All of this is taking place in the context of highly publicised official anxiety in France over Muslim women wearing religious dress, with recent focus on the ‘burkini’. But the French fixation with the way Muslim women dress has a long history. A poster (above) distributed in Algeria in 1958 shows four women. The first three wear the haik, covering their faces; the last, and most prominent, beams at the viewer with an uncovered face and wide eyes. ‘Aren’t you pretty then?’ the poster demands. ‘Unveil yourselves!’ The colonial authorities organised public spectacles of Algerian women ceremonially burning their headscarves.

Frantz Fanon’s essay ‘Algeria Unveiled’ was written the following year. For Fanon, the French colonisers – supported by sociologists and anthropologists – had given Algerian women ‘primordial importance’ in their attempts to subjugate the country. It was through women, the occupiers thought, that the structure of Algerian society and its capacity for resistance could be destroyed. Attempts to unveil an Algerian woman carried for the coloniser ‘the will to bring this woman within his reach, to make her a possible object of possession’ – and, through her, the country as whole. Meanwhile, Fanon argued, for many Algerians the veil had come to represent ‘the assertion of a distinct identity’ and ‘concern with keeping intact a few shreds of national existence’.

Between 1957 and 1960, two million people were transferred from their villages in the mountains to internment camps. They were photographed and given identity cards; the women were made to remove their veils. The pictures show them staring into the camera. The photographer, Marc Garanger, a conscript who later spoke out against the war, said that ‘the women had no choice in the matter. Their only way of protesting was through their look.’

Yasser Louati, a French civil liberties activist, told me that Nice has a large population of pieds noirs, former settlers in Algeria who were forced to return to France. ‘Racism is completely normal in Nice,’ he said. During colonial times, Louati told me, ‘there was a fantasy that the Muslim woman was waiting for her white saviour to protect her and deliver her, to give her freedom. And now there is this irrational focus on the Muslim headscarf. We saw that in the colonial past. It’s not about freeing her, it’s about undressing her – because that’s a form of domination.’
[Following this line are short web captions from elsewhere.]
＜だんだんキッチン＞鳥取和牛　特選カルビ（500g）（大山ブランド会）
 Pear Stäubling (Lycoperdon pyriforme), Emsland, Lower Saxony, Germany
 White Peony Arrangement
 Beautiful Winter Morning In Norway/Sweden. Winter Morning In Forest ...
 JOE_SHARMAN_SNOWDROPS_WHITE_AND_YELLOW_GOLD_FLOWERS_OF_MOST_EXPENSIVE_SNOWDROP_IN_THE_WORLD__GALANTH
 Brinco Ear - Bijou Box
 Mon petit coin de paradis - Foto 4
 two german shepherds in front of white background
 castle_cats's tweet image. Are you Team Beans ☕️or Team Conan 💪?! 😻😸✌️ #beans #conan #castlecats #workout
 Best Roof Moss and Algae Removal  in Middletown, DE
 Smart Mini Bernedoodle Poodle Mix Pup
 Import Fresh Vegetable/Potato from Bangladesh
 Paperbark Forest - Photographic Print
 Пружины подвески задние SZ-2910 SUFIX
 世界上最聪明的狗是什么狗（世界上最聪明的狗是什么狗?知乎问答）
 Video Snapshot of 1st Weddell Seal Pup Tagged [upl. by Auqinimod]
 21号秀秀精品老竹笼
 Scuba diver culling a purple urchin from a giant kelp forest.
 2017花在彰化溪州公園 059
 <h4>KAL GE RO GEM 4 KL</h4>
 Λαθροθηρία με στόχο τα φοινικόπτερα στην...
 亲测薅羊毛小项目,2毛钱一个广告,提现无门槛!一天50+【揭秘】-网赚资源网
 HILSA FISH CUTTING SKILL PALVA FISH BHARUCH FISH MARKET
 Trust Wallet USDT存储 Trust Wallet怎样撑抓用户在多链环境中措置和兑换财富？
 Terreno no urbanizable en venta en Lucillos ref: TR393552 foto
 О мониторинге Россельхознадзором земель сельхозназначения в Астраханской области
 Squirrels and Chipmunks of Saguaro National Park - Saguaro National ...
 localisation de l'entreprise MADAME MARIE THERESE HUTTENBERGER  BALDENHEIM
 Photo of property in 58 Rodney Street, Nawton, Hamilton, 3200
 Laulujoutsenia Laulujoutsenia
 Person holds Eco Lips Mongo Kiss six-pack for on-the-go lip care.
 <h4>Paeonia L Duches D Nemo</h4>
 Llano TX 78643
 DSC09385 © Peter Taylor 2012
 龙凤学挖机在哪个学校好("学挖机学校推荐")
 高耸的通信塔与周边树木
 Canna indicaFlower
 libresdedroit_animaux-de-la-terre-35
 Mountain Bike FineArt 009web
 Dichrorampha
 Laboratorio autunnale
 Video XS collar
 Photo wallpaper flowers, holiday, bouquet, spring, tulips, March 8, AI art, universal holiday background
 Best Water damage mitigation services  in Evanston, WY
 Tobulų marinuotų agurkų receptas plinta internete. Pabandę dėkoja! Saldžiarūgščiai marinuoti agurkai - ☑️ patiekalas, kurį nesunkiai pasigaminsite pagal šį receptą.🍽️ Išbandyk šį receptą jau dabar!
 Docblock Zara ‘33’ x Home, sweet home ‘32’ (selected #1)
I spoke to Latifa Akay, who works for the British Muslim charity Maslaha. ‘What I want to know is: where are the white feminists, in France and beyond, who are normally so militant about bodily autonomy?’ she said. ‘I’ve seen the burkini open up the beach as a space for women who’d previously felt excluded from it. To see it being shut down like this is sickening.’

I asked Louati if he expects protests from other sections of French society, given the international outcry over the incident in Nice. ‘If there is no solidarity now, there will never be solidarity,’ Louati said. ‘This is the time for people to flock onto the beaches wearing burkinis, long sleeves and headscarves.’